Initial reports rate the 2020 Cache County Fair and Rodeo as a highly successful” community event.

CACHE COUNTY – Initial observations from the Cache County Fair and Rodeo are suggesting that the event was “a great success.”

County Executive Craig Buttars relayed that opinion to the members of the Cache County Council at an abbreviated meeting held Tuesday evening.

We appreciate the residents who attended the fair and rodeo,” Buttars said. “We also appreciate our fair committee, especially our fair chairman Lane Parker and our rodeo chairman LaMont Poulsen for the great work that they did to make this event a success.”

A measure of that success was the revenue generated by the Future Farmers of America Junior Livestock Sale during the fair.

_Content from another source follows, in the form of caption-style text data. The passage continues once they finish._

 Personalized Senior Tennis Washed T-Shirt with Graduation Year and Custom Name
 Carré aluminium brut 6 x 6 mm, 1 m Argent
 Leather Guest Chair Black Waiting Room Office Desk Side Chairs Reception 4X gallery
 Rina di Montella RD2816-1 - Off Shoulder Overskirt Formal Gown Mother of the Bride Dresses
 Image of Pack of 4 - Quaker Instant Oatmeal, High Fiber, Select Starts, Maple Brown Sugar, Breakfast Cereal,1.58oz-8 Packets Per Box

Despite having 34 fewer animals in that event than in 2019, Buttars reported that the livestock sale generated nearly $100,000 more than the previous year, for a total of $517,000 that will fund ongoing FFA educational efforts.

“That funding wouldn’t be available if we hadn’t held the fair,” the county executive emphasized.

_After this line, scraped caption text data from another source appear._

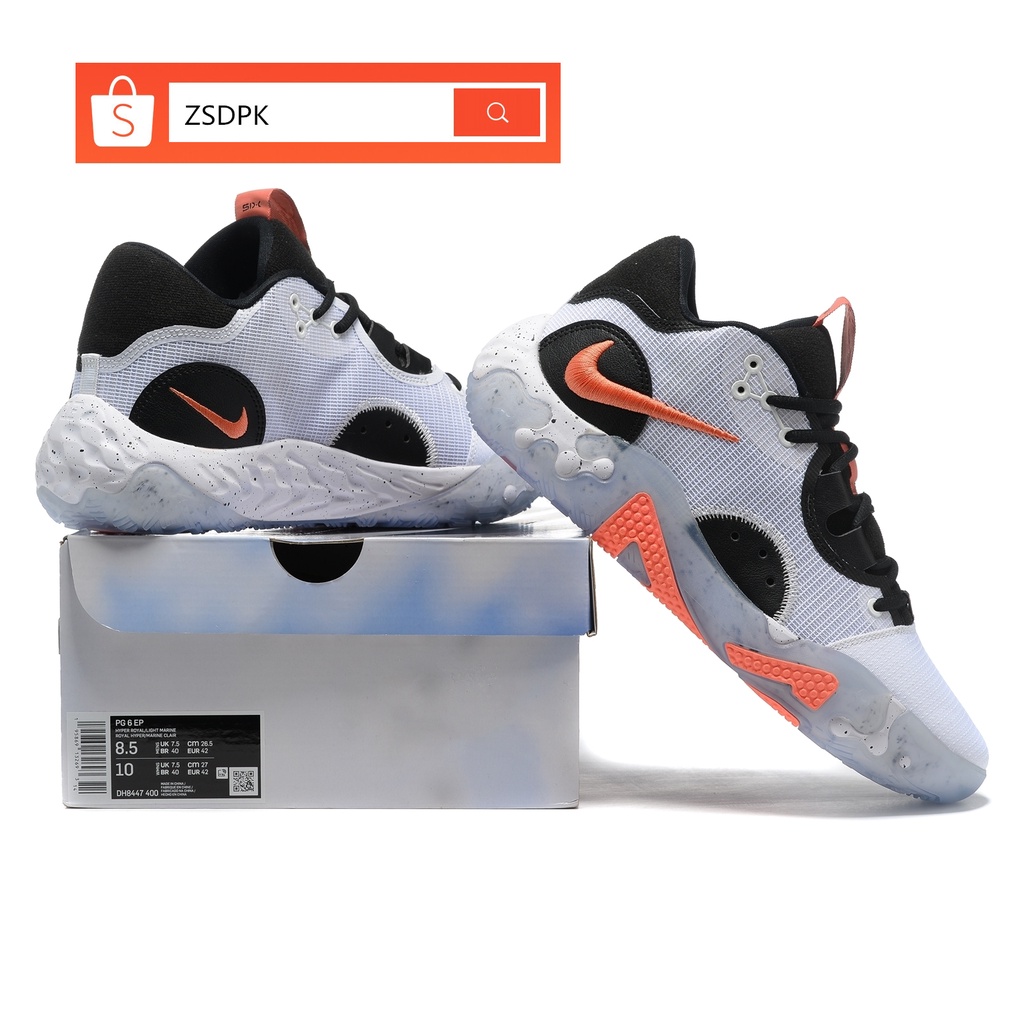 100% Original Nike Paul George PG White Orange Sports Basketball Shoes For  Men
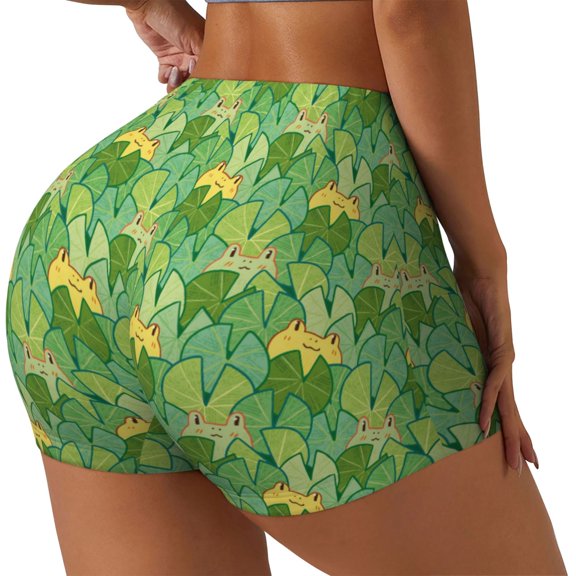 Picia Cartoon Frog And Lotus Leaf Printed Workout Shorts for Women Seamless Scrunch Butt Lifting High Waisted Yoga Gym Booty Running Moisture-wicking Short Pants-Medium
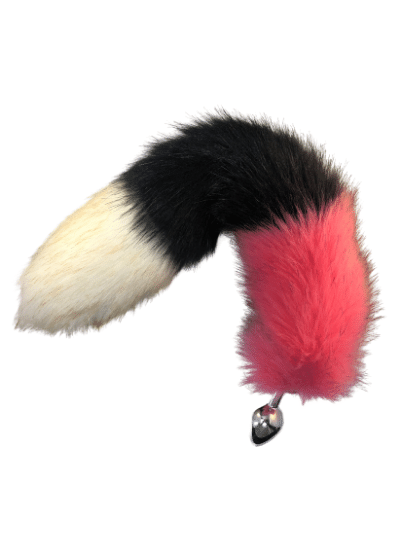 Hot Pink/Black/White faux fur faux fur tail with steel plug.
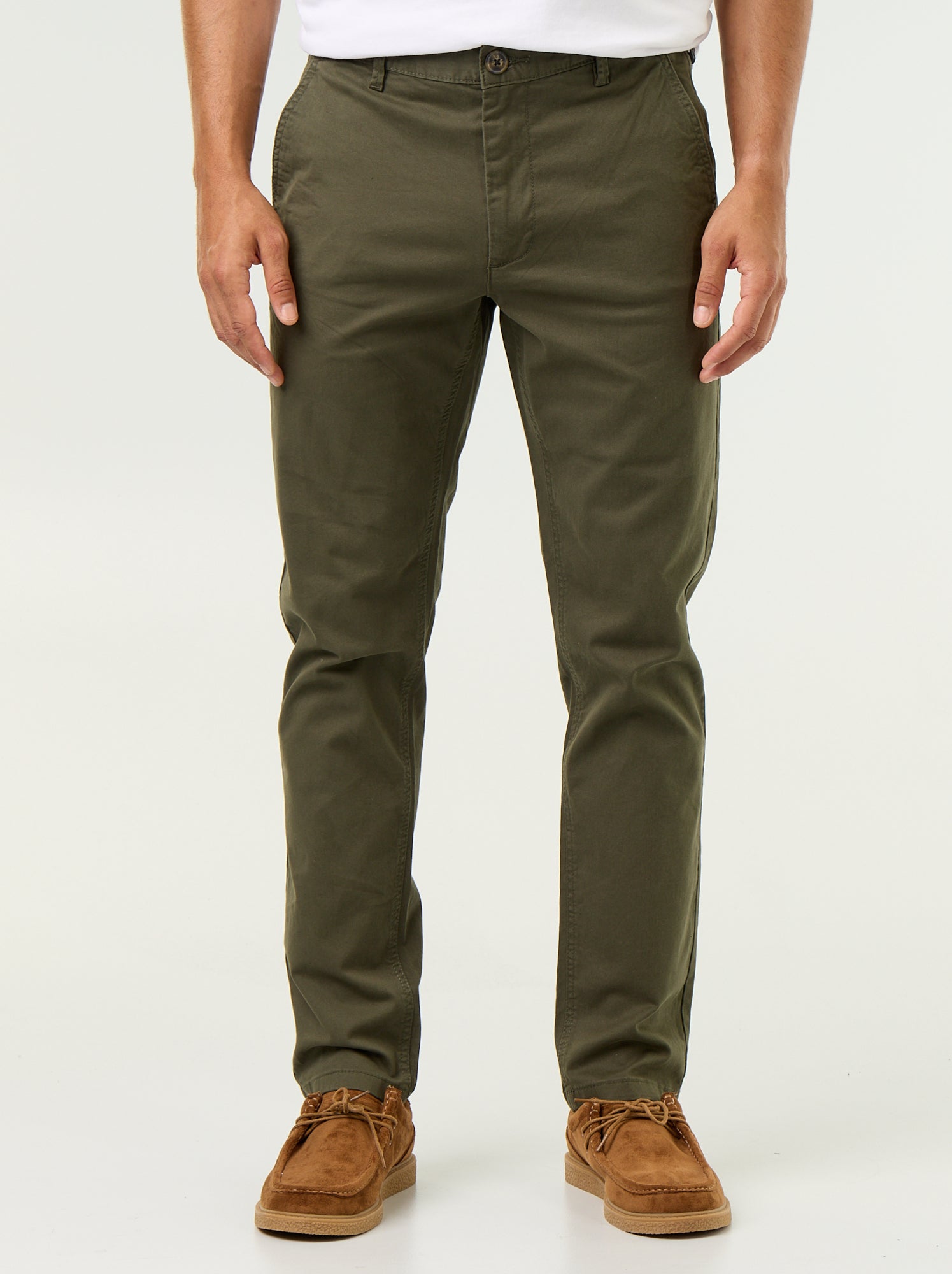 Pantalon chino slim - Vert (VJ070_168)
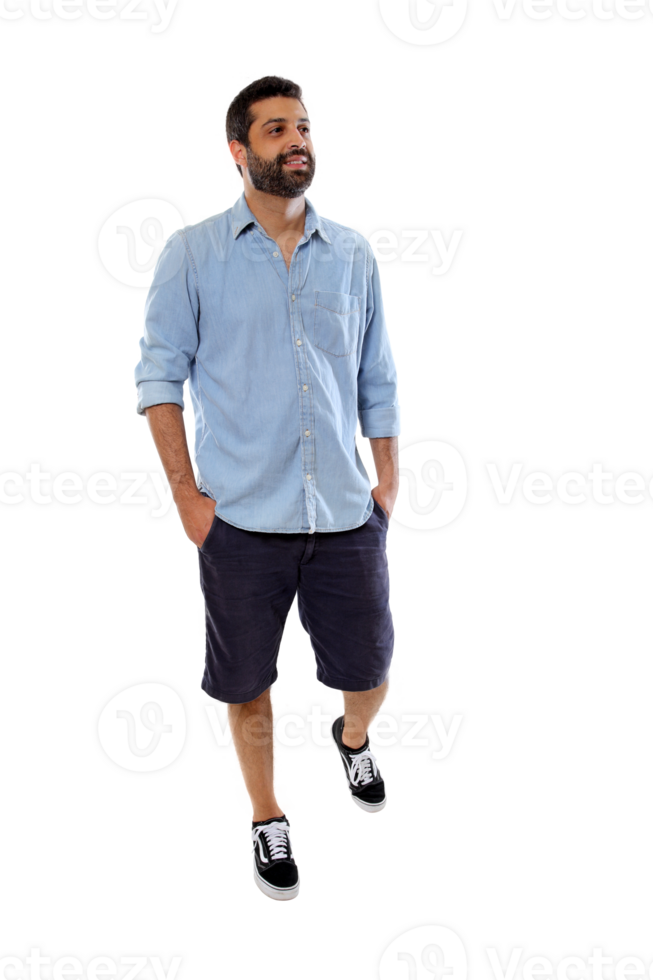young brazilian model posing in casual clothes on neutral background png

The county’s decision to go ahead with the fair and rodeo event had been controversial, coming in the midst of the ongoing coronavirus outbreak that had forced the cancellation of nearly every other form of local public entertainment.

Council member Gina Worthen noted “that decision wasn’t made irresponsibly,” but rather after studying the health implications of similar outdoor events and consultations with the officials of the Bear River Health Department.

Buttars added that people attending the weekend event generally complied with the BRHD recommendations about mask wearing and social distancing.

Many individuals were wearing masks at the rodeo and fair,” Butters explained, “although some were not … There was no conflict between citizens over that; everyone was doing their best to get along.”

County Sheriff Chad Jensen admitted to members of the council that he was initially dubious about the decision to hold the fair.

“I was a little bit skeptical about the whole thing,” Jensen confessed. “I was the naysayer who thought that no one would show up. But I’m happy to admit that I was wrong; I’ll take the hit for that one.

“The atmosphere at the fair was wonderful, even though we didn’t have the usual carnival,” the sheriff added. “Everything I saw was 100 percent positive. Families were obviously very happy for a chance to get out and about. In terms of law enforcement, I think we had two drunks, three lost parents and a couple missing wallets, which was an unusually light workload for us during an event like the fair.”

Council member David Erickson said that the high point of the weekend for him was a tribute offered to members of the armed forces and law enforcement personnel.

“That was really a very moving, special moment,” he recalled. “I’m just grateful that we were able to celebrate as a county all the things that make us who we are.”

“The fair is probably one of the few things that we all do consistently as families anymore,” council member Jon White agreed. “So it’s a good event.”

Council chair Karl Ward said he had received plenty of negative comments from local residents prior to the fair, including one E-Mail calling the planned event “a crazy COVID-19 party.”

But council member Paul Borup observed that medical experts have long held that “ … communities faced with epidemics or other adverse events respond best and with the least anxiety when the normal social functioning of the community is least disrupted.”

“I think the fair was a prime example of that,” Borup added. “What we saw at the fair was a society functioning normally again.”